TINJAUAN PUSTAKA
Radikal Bebas
Radikal bebas didefinisikan sebagai suatu molekul, atom, atau beberapa
grup atom yang mempunyai satu atau lebih elektron tidak berpasangan pada
orbital luarnya. Molekul atau atom tersebut sangat labil dan mudah membentuk
senyawa baru (Muchtadi 2009). Adanya elektron yang tidak berpasangan
menyebabkan senyawa tersebut sangat reaktif mencari pasangan, dengan cara
menyerang dan mengikat elektron molekul yang berada di sekitarnya (Winarsi
2011).
Radikal bebas yang terdapat dalam tubuh dapat berasal dari dalam
(endogen) dan luar tubuh (eksogen). Secara endogen radikal bebas terbentuk
sebagai respon normal dari rantai peristiwa biokimia di dalam tubuh. Secara
eksogen radikal bebas diperoleh dari bermacam-macam sumber antara lain
terekspos dari radiasi rendah dan sinar elektromagnetis,asap dengan oksidan
kuatnya seperti ozon, nitrogen dioksida dan peroksiasil nitrat, asap rokok serta
obat-obatan dan bahan kimia pencemar lingkungan, polutan, radiasi, ozon, dan
pestisida. Secara fisiologis timbulnya senyawa radikal bebas dalam tubuh
(peroksida) akan diimbangi oleh mekanisme pertahanan endogen dengan
menggunakan zat atau senyawa yang mempunyai kemampuan sebagai anti
radikal bebas yang disebut antioksidan (Muchtadi 2009).
Antioksidan
Senyawa antioksidan adalah senyawa pemberi elektron (electron donors)
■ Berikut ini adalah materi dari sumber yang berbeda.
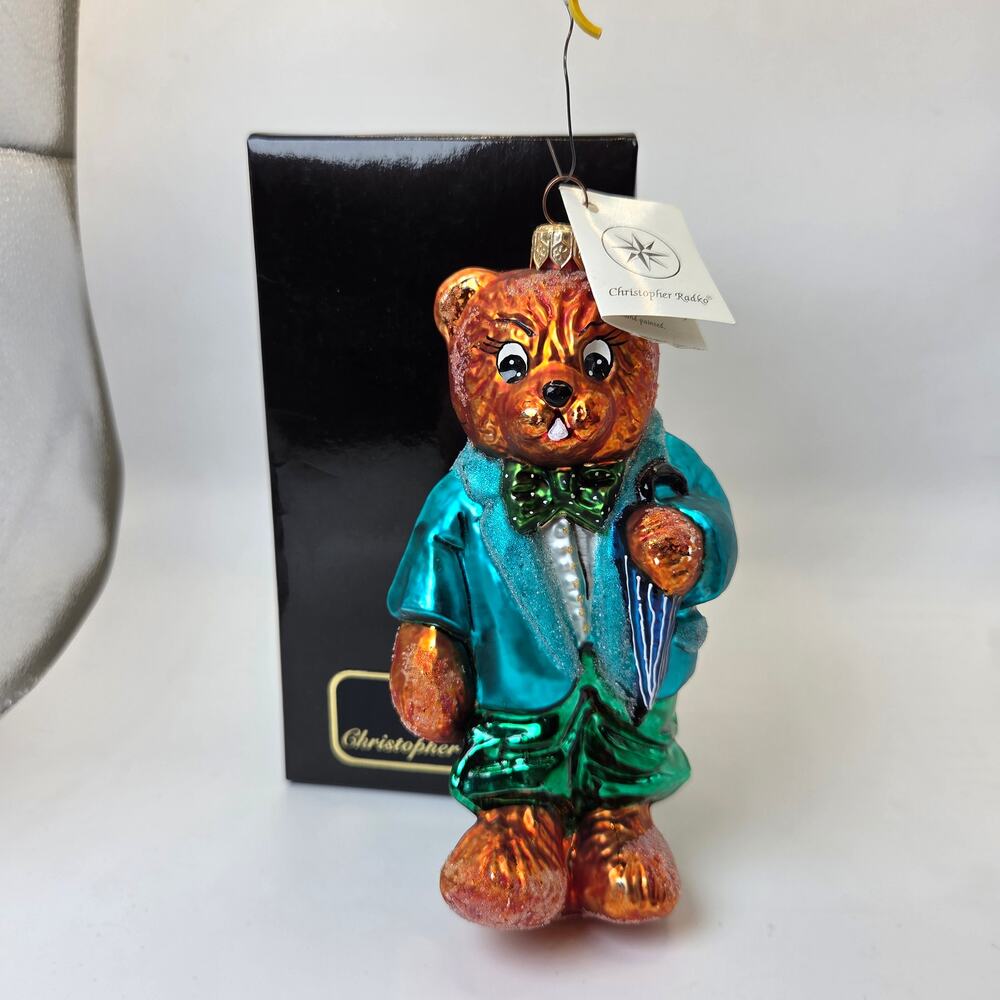 Christopher Radko Uncle Fuzzywuz Bear Glass Christmas Ornament 1998 W Tag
secara biologis. Pengertian antioksidan adalah senyawa yang mampu
menangkal atau meredam dampak negatif oksidan dalam tubuh. Antioksidan
bekerja dengan cara mendonorkan satu elektronnya kepada senyawa yang
bersifat oksidan sehingga aktivitas senyawa oksidan tersebut dapat diredam
(Winarsi 2011). Keseimbangan oksidan dan antioksidan sangat penting karena
berkaitan dengan berfungsinya sistem imunitas tubuh. Sel imun memerlukan
antioksidan dalam kadar tinggi dibandingkan dengan sel-sel lain. Defisiensi
antioksidan yang berupa vitamin C, vitamin E, Selenium, seng dan glutation
dalam derajat ringan hingga berat sangat berpengaruh terhadap respons imun
(Meydani et al 1995 diacu dalam Winarsi 2011).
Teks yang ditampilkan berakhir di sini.